2. Bidding wars ? - We are starting to see this in certain price ranges,
In 2005, we knew one family who made offers on 10 homes. They lost the first nine to the feeding frenzy that existed in the market - other buyers bid the properties up substantially from the original listing prices. There were even escalation clauses where buyers authorized their agents to outbid other offers by thousands of dollars. There's no competitive bidding in the buyer's market but that is begining to change.
3. You can make an offer.
A few years ago when you made an offer, the only question was how high above the list price you should reach in hopes of being the best offer on the table. Today the sell price vs. list price ratio is about 96 percent. Sellers won't be insulted if you "make them an offer they can't refuse."
4. Patience is tolerated.
In the hot seller's market, everything was rushed. You had to find a house before other buyers did, then hurry up and make the offer. Today, buyers can take their time. They can look at several homes and think about their decision for a while.

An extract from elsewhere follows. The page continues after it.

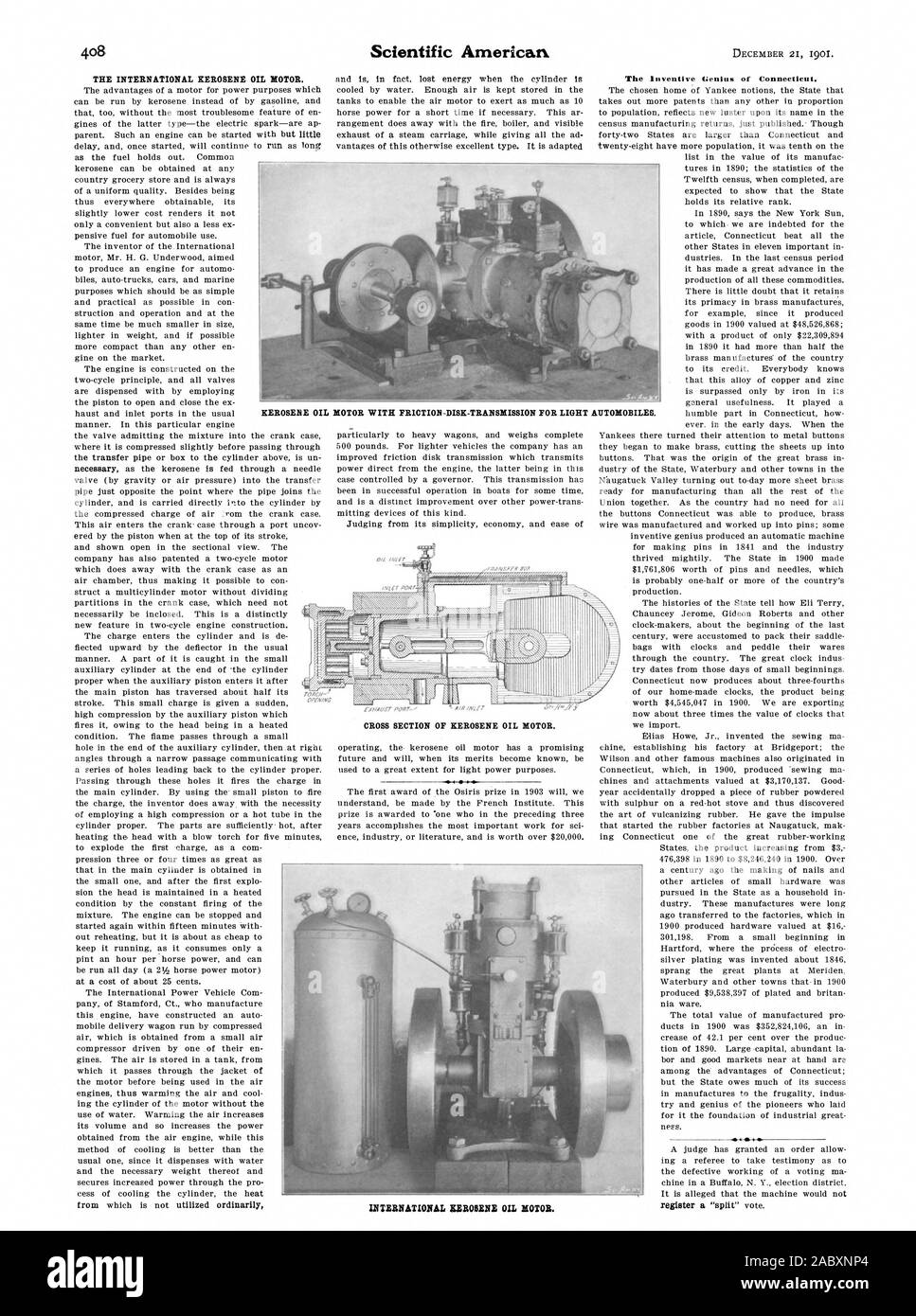 THE INTERNATIONAL KEROSENE OIL MOTOR. CROSS SECTION OF KEROSENE OIL MOTOR. KEROSEBE OIL MOTOR WITH FRICTION-DISK-TRANSMISSION FOR LIGHT AUTOMOBILES. ' INTERNATIONAL &BROOM OIL MOTOR., scientific american, 1901-12-21 Stock Photo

5. Due diligence is welcomed.
In this market, a buyer is encouraged to obtain a home inspection, termite inspection and appraisal.
6. Plenty of Options.
In today's market the buyer still has plenty of options, good inventory and excellent financing plans, and sellers assistance id available,
7. Repair requests are accepted.
After buyers complete a home inspection, they're allowed to submit a repair request to the sellers. But in the past, sellers often insisted the home be sold as-is. Many times, there were back-up buyers waiting for the primary buyers to upset the sellers, whose home was increasing in value almost daily.
8. Few, if any investors.
It's estimated that one third of all sales in 2005 were to investors. These buyers caused the market to inflate and affordability to decline. Mortgage fraud became commonplace. It's a great time to buy without having to compete with hundreds of prospective landlords.
9. Location, location, location.
Today's buyers can find homes closer to work. In this market, reasonably priced homes are within biking or walking distance to schools, rapid transit lines and relatives.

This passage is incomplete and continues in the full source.